====== Recorded data ======

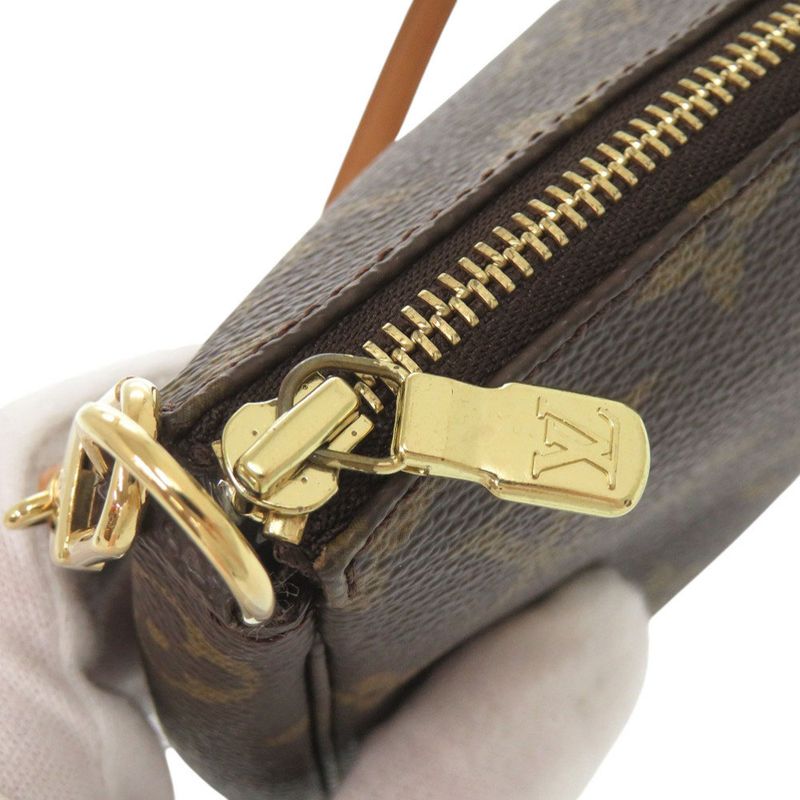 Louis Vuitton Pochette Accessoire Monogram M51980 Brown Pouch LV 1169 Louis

======
====== Recorded data ======

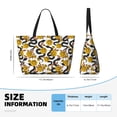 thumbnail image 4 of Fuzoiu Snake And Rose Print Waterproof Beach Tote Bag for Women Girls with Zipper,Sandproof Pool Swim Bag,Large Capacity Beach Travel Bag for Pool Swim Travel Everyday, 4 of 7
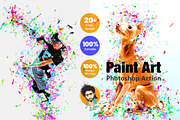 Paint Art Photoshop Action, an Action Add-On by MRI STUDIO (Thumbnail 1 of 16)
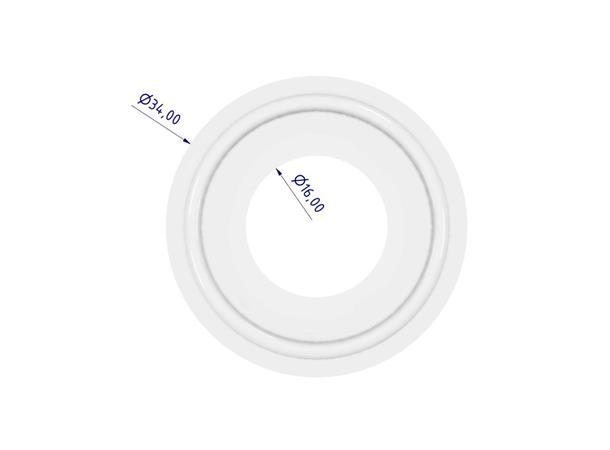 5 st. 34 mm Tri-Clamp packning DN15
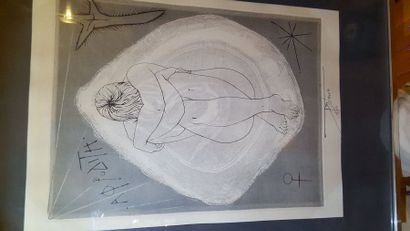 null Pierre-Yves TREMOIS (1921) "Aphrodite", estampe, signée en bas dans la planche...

======
====== Recorded data ======

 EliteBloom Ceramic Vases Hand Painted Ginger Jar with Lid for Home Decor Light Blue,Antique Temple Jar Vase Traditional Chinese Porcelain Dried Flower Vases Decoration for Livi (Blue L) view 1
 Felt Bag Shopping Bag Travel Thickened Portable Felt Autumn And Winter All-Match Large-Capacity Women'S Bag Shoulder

======

_Exercise requirements_
What is needed is an exact copy of the lines above from the one with "5 st. 34 mm Tri-Clamp packning DN15" to the one with "null Pierre-Yves TREMOIS", both ends kept, and nothing more; please leave the pictures out.

_Final answer_
 5 st. 34 mm Tri-Clamp packning DN15
 null Pierre-Yves TREMOIS (1921) "Aphrodite", estampe, signée en bas dans la planche...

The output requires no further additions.